A tour guide's hurried description of the memorial squawked from some speakers. The bus passengers whipped out their phones and captured the moment.
Miller, a 'Nam vet, smiled. The plan was working.
After nearly a decade of fits and starts, a remodeling effort to make the sometimes forgotten memorial more inviting to the public is now fully underway.
Workers recently removed a 7-foot-high wall that mostly blocked the view of the memorial, at Spruce Street and Columbus Boulevard, from passersby.
The heart of the site - a granite wall that bears the name of the 646 local soldiers who died in the war - is now fully visible from the street.
A "got concrete?" sign sits among heaps of overturned dirt, exposed rebar and construction equipment.

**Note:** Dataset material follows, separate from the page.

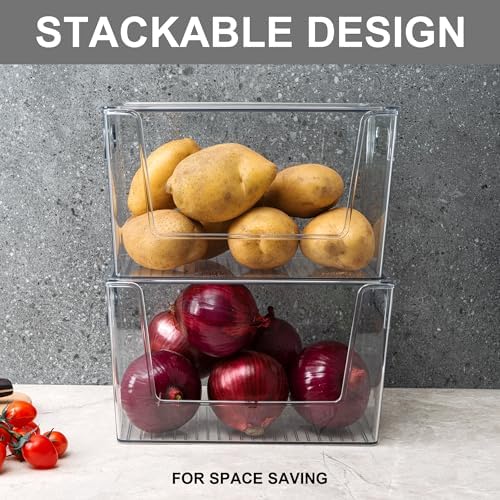 2 Pack Large Stackable Storage Bins, Plastic Container Organizer - Image 3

The remodeling project calls for 130 yards of concrete to be poured along Spruce Street, and supporters have been asking for donations.

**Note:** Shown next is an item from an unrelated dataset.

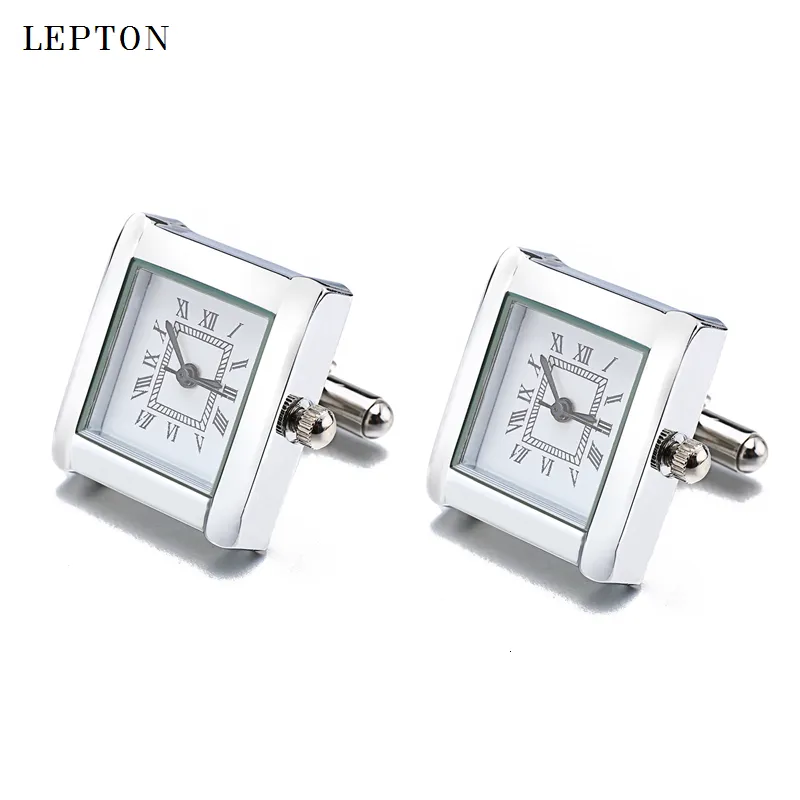 Manchetknopen Lepton Functioneel Horloge Manchetknopen Voor Mannen Vierkante Echte Klok Manchetknopen Met Batterij Digitale Mens Horloge Manchetknopen Relojes gemelos 230617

Terry Williamson, the president of the memorial fund board, said the board is about $126,000 shy of the remodeling project's $500,000 price tag.
Miller, a La Salle College High School teacher who also sits on the board, set up a website where folks can donate to the project: www.gofundme.com/7rgclg.
"I started it about a week ago, with really no way of getting the word out, and we've already raised $645," he said.
Still, the board hopes that the majority of the overhaul, which includes repositioning eight 5-foot-wide granite panels that feature scenes from the war, will be completed by Memorial Day.
"Our object is to get people to see the memorial, to see the 646 names," Williamson said.
The redesign is also aimed at warding off vandals who previously took advantage of the memorial's enclosed design, Williamson said.
Miller, 65, sends his students to the memorial every year. He has them copy down the name of a fallen local soldier - and then repeat the task among the sea of 58,000 names that are engraved on the national Vietnam Veterans Memorial in Washington, D.C.
"I teach them to appreciate how lucky they are to be in a time where they have choices. We were drafted," said Miller, who served a year in Da Nang.
"The goal is also to learn from history, to not repeat stupid mistakes," he said.
"I want my students to look at the bigger picture of what it means to go to war. It's not some fun thing."